Physical description

Image of a Charles Conder painting on front of soft covered book titled The Artists' Camps: Plein Air Painting In Melbourne 1885-1898.

Inscriptions & markings

FOREWORD by Margaret Plant - Department of Visual Arts, Monash University.
The paintings of the 'Heidelberg school" are the best loved group of works in Australian art. The affection is linked in the national mind with a recognition that the authentic Australian landscape had been discovered and colonial bonds broken.
The painting activity of the 1880s and 1890s was by no means confined to Heidelberg. Helen Topliss painstakingly presents the variety of sites around Melbourne, in the bush and on the coast, reconstructing their original character and the history of their accessibility.
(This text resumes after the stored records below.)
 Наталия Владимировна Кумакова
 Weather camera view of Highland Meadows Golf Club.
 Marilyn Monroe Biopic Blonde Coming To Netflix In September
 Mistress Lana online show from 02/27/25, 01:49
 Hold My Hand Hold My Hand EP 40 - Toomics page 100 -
The major figures are well known — Roberts, McCubbin, Streeton and Conder — but there were a number of 'minor' artists associated with the various painting spots that have been too long neglected. A research programme is here initiated in the hope that some of these figures might be more fully returned to us. The restoration of the sites provokes a more extensive roll-call of artists involved in the plein air phenomenon.
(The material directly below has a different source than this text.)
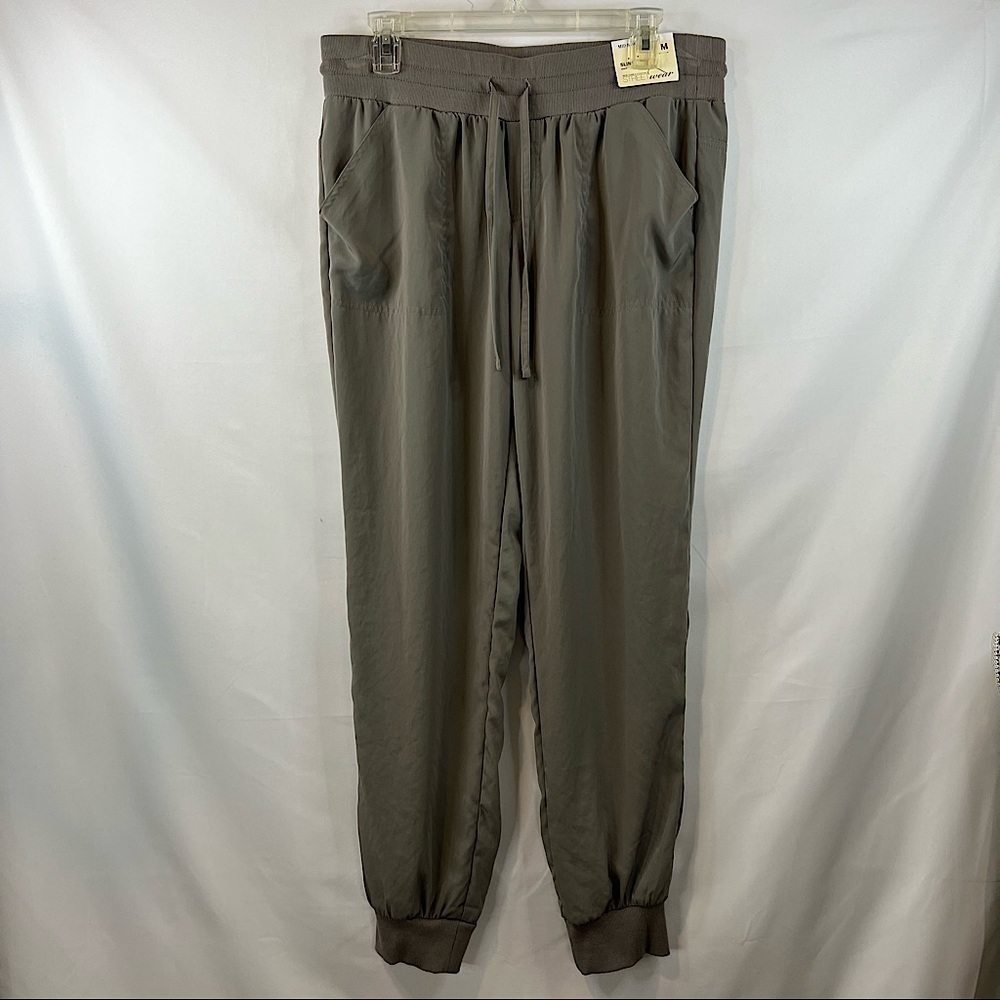Ny&co | Streetwear joggers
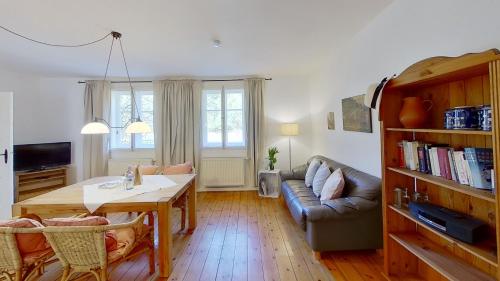 FeWo Am Wald in Boek FeWo Am Wald in Boek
Various expressions of nationalism in the late nineteenth century have been accorded attention: the painters contributed in varying degrees. But it is, finally, the quality of the painting, the freshness, the particularity of nuance, the calculated aesthetic angles that have governed response and inspired affection. The elegant relaxation themes of many of the paintings have in fact been overlooked in the intellectualization of the quest for 'national identity'. The orchards and the beaches, the ladies promenading a la mode on the beach at Mentone or in the grasses of Box Hill are as important to our artistic tradition and social history as the shearers of rams.